WORK TO COMPLETE — The entries below contain pictures, which are to be left out; write out exactly, and only, the lines from the line with "Laden Sie das" up to and including the line with "Discover New Suite at Capital Workspaces".

[Short web captions]
☆ ☆ ☆ ☆ ☆

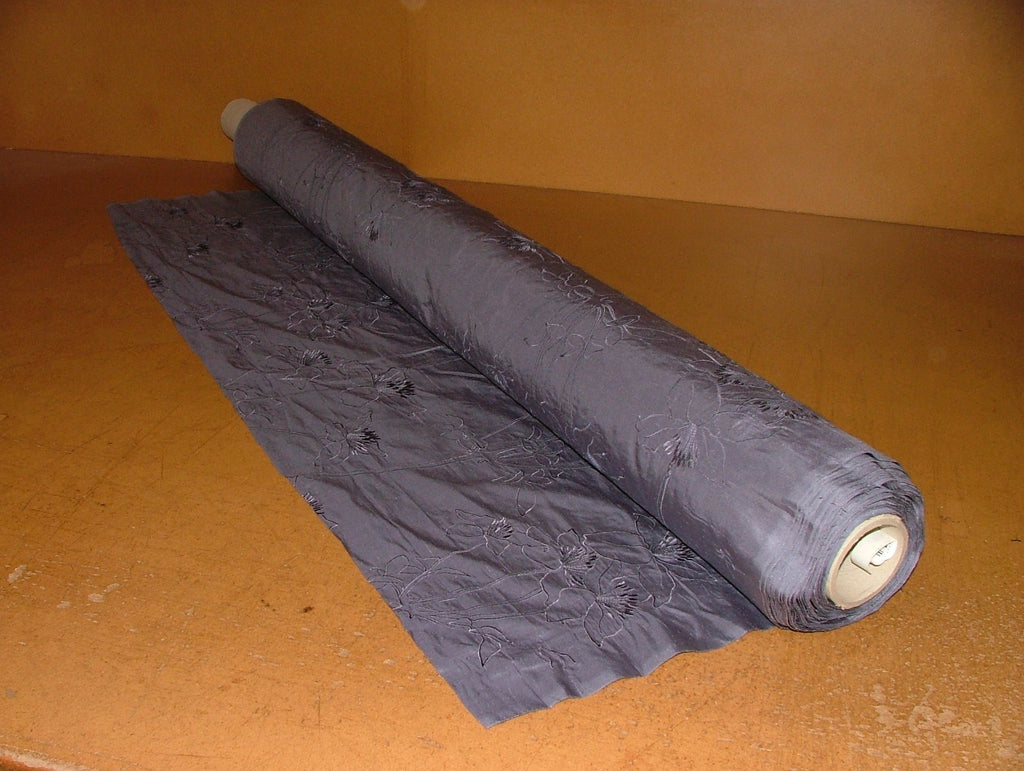 Romo Silk Curtain Fabric AGAPANTHUS Soft Furnishing RRP £3000.00 - 30 Metre Roll1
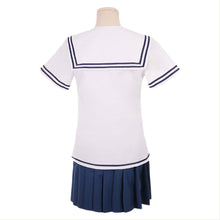 Laden Sie das Bild in den Galerie-Viewer, Anime Fruits Basket Tohru Honda Tooru Cosplay Kostüm Summer Schuluniform Matrosenuniform Mädchen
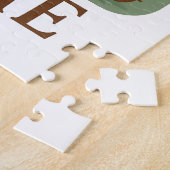 ヴィンテージローマパズルコロッセウム&パンテオンレトロ ジグソーパズル (側面)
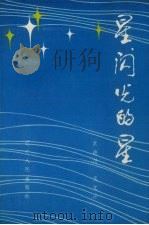 星，闪光的星（1988 PDF版）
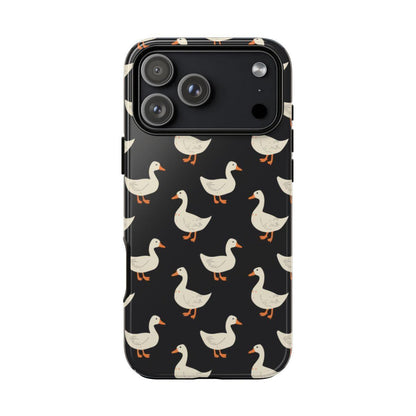 White Ducks Tough Case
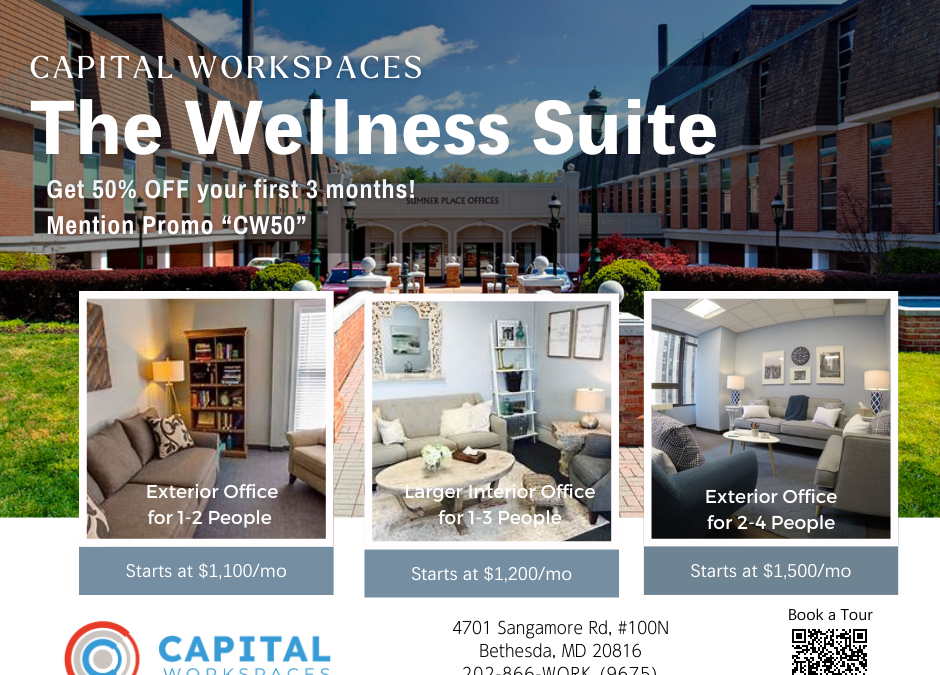 Discover New Suite at Capital Workspaces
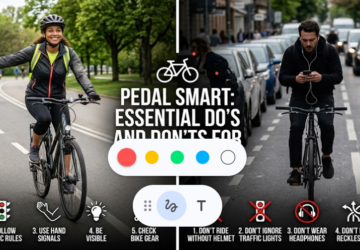 Pedal Smart: Essential Do’s and Don’ts for Safe Biking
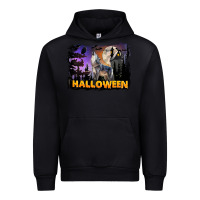 Black Halloween Wolf Urban Hoodie - LillyAllenDesigns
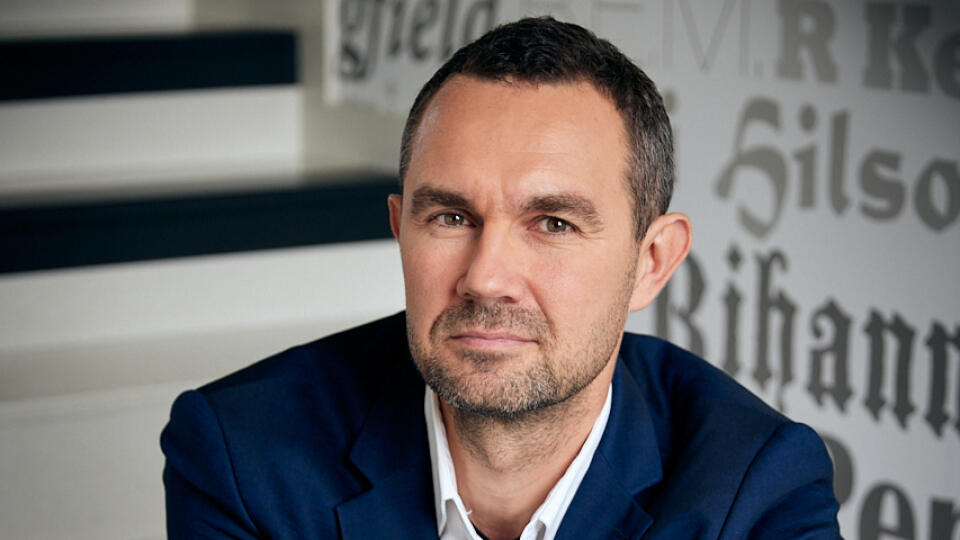Generálny riaditeľ spoločnosti Bauer Media Slovakia Ivan Antala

☆ ☆ ☆ ☆ ☆

ANSWER BELOW —
 Laden Sie das Bild in den Galerie-Viewer, Anime Fruits Basket Tohru Honda Tooru Cosplay Kostüm Summer Schuluniform Matrosenuniform Mädchen
 ヴィンテージローマパズルコロッセウム&パンテオンレトロ ジグソーパズル (側面)
 星，闪光的星（1988 PDF版）
 White Ducks Tough Case
 Discover New Suite at Capital Workspaces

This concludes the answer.